▶ SUPPLIED RECORDS
━━━━━━

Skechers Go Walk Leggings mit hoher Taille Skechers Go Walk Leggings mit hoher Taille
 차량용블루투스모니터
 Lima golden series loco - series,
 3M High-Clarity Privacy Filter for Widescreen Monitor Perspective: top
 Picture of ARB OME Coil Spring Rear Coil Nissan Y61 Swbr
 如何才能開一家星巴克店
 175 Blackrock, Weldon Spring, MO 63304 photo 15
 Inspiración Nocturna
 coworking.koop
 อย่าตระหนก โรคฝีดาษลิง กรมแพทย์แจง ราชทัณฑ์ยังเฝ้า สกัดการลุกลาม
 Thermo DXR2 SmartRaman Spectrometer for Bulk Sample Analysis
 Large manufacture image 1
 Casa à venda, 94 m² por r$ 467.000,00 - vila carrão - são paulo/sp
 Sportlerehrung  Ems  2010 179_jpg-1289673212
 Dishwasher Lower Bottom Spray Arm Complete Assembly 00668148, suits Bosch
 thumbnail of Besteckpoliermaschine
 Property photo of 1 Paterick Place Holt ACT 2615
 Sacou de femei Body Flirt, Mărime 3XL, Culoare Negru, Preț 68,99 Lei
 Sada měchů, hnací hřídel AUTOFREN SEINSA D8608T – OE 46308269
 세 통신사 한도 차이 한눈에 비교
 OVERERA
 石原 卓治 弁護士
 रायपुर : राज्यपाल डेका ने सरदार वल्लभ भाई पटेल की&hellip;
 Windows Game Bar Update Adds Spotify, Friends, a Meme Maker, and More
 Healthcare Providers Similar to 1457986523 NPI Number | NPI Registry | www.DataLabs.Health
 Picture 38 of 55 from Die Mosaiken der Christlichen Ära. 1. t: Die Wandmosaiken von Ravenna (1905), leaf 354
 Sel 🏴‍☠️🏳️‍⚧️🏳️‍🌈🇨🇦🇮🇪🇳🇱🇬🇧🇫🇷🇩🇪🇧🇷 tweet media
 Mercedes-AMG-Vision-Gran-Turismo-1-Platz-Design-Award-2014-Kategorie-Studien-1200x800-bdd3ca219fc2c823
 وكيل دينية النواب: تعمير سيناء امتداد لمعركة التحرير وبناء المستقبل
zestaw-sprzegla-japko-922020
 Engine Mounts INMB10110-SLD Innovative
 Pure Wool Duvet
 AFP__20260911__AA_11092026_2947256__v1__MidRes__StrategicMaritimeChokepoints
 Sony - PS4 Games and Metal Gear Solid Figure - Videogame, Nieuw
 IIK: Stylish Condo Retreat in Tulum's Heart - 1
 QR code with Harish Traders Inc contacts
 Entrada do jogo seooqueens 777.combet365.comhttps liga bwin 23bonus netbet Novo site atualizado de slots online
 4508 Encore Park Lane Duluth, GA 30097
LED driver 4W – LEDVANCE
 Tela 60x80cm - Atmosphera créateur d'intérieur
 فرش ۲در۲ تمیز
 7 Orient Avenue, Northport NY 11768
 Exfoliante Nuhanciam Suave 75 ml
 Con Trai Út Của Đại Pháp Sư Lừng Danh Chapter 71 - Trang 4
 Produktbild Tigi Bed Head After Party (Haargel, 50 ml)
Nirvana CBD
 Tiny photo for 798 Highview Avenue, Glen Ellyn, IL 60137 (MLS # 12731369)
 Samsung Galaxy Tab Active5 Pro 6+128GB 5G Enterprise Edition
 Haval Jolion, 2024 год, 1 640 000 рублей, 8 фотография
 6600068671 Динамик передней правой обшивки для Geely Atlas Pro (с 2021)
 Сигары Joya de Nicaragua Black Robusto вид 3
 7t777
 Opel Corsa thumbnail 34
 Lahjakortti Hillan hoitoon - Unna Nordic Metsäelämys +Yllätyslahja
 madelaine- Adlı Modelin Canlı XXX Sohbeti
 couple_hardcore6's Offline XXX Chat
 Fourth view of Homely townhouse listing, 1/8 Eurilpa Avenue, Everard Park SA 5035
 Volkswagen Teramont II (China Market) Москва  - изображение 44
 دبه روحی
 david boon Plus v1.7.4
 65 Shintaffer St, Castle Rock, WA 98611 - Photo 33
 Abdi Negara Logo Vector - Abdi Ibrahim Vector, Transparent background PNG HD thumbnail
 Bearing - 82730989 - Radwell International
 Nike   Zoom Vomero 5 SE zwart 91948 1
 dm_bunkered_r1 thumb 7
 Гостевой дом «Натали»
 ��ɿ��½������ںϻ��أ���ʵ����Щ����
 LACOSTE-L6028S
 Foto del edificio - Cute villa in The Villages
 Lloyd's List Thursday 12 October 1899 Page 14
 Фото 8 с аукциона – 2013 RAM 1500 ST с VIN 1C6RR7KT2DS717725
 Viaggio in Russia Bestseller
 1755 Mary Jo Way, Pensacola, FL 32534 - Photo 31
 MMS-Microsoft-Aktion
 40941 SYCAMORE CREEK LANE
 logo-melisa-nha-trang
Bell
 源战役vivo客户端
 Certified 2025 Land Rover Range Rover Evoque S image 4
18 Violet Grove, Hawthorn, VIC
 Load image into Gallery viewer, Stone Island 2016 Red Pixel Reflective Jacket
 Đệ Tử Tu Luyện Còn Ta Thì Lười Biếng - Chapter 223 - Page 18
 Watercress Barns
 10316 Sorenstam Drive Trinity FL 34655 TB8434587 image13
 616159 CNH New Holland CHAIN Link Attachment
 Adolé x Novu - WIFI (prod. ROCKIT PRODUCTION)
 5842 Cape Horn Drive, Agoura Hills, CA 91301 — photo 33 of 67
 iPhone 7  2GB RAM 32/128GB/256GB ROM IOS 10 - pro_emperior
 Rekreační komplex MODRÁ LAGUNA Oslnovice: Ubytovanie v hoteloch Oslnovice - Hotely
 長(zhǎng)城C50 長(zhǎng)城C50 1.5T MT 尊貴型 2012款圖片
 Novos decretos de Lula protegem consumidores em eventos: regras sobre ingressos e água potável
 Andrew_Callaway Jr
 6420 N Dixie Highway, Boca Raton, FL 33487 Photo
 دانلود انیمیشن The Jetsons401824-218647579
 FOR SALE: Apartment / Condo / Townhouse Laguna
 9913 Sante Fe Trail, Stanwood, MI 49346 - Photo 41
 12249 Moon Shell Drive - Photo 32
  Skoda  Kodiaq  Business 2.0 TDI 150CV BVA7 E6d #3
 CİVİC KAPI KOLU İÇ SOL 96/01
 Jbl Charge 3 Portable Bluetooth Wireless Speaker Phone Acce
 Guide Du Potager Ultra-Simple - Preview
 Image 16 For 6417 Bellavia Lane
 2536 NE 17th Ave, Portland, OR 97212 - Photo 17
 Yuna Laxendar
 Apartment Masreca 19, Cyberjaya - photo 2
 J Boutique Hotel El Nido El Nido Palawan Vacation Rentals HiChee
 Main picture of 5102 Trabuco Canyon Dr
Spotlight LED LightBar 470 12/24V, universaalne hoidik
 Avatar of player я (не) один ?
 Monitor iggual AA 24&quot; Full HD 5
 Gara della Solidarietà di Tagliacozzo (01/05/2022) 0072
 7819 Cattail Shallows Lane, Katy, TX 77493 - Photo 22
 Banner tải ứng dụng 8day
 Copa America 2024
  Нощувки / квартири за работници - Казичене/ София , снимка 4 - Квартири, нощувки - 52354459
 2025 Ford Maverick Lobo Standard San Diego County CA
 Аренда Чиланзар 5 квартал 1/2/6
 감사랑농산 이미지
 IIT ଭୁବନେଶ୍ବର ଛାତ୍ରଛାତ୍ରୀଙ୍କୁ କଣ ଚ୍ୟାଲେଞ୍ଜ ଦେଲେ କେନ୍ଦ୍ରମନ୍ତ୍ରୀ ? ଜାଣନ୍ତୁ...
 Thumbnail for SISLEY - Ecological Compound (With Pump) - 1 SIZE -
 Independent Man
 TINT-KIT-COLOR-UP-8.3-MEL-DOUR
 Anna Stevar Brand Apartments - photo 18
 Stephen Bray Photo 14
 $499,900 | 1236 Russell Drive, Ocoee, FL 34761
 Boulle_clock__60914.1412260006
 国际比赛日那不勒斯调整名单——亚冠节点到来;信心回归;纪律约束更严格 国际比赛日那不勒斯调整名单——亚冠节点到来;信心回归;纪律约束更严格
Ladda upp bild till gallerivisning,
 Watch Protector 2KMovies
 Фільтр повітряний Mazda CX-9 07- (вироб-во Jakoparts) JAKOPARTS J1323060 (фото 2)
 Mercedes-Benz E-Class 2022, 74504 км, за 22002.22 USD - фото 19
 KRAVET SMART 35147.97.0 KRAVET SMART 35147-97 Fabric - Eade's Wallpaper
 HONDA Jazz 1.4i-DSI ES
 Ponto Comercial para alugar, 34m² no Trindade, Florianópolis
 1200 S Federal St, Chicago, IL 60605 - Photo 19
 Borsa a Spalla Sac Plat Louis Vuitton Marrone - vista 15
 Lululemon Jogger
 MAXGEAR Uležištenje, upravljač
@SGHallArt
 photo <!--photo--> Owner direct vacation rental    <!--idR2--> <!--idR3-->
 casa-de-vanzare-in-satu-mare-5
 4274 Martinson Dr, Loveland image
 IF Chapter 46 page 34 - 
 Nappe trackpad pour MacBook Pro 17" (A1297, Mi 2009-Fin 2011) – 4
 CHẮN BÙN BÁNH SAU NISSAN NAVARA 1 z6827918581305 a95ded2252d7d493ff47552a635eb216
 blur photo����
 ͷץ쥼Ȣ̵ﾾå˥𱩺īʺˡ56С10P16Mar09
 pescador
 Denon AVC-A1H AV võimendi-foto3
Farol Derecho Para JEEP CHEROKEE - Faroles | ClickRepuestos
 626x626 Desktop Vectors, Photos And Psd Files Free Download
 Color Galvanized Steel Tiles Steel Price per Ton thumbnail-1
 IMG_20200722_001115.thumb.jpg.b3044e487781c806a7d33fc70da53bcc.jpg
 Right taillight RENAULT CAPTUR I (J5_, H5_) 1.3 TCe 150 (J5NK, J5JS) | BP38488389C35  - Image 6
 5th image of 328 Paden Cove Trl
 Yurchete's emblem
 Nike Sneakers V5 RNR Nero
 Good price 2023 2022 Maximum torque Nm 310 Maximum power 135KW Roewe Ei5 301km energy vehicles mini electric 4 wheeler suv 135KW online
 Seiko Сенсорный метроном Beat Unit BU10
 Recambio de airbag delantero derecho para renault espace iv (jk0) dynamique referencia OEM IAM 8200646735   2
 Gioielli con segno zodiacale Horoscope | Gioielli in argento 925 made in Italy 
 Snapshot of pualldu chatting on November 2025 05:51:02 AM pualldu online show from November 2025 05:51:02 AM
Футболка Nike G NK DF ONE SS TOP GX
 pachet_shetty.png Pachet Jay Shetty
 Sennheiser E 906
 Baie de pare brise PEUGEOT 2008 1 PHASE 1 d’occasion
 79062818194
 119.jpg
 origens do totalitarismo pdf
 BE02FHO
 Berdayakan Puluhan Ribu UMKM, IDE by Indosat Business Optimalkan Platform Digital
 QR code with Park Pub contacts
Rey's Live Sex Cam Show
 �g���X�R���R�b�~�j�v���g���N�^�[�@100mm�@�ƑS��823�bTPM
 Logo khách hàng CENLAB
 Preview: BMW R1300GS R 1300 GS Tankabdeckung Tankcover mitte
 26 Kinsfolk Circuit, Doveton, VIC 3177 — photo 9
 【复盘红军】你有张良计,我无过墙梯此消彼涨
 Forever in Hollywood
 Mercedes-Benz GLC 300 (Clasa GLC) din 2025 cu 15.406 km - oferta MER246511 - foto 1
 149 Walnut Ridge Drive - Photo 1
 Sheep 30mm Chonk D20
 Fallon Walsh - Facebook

━━━━━━

▶ WORK TO BE COMPLETED
From the line holding "Фото 8 с аукциона" to the line holding "18 Violet Grove, Hawthorn, VIC", inclusive, restate each line above exactly as written.

▶ YOUR SOLUTION
 Фото 8 с аукциона – 2013 RAM 1500 ST с VIN 1C6RR7KT2DS717725
 Viaggio in Russia Bestseller
 1755 Mary Jo Way, Pensacola, FL 32534 - Photo 31
 MMS-Microsoft-Aktion
 40941 SYCAMORE CREEK LANE
 logo-melisa-nha-trang
Bell
 源战役vivo客户端
 Certified 2025 Land Rover Range Rover Evoque S image 4
18 Violet Grove, Hawthorn, VIC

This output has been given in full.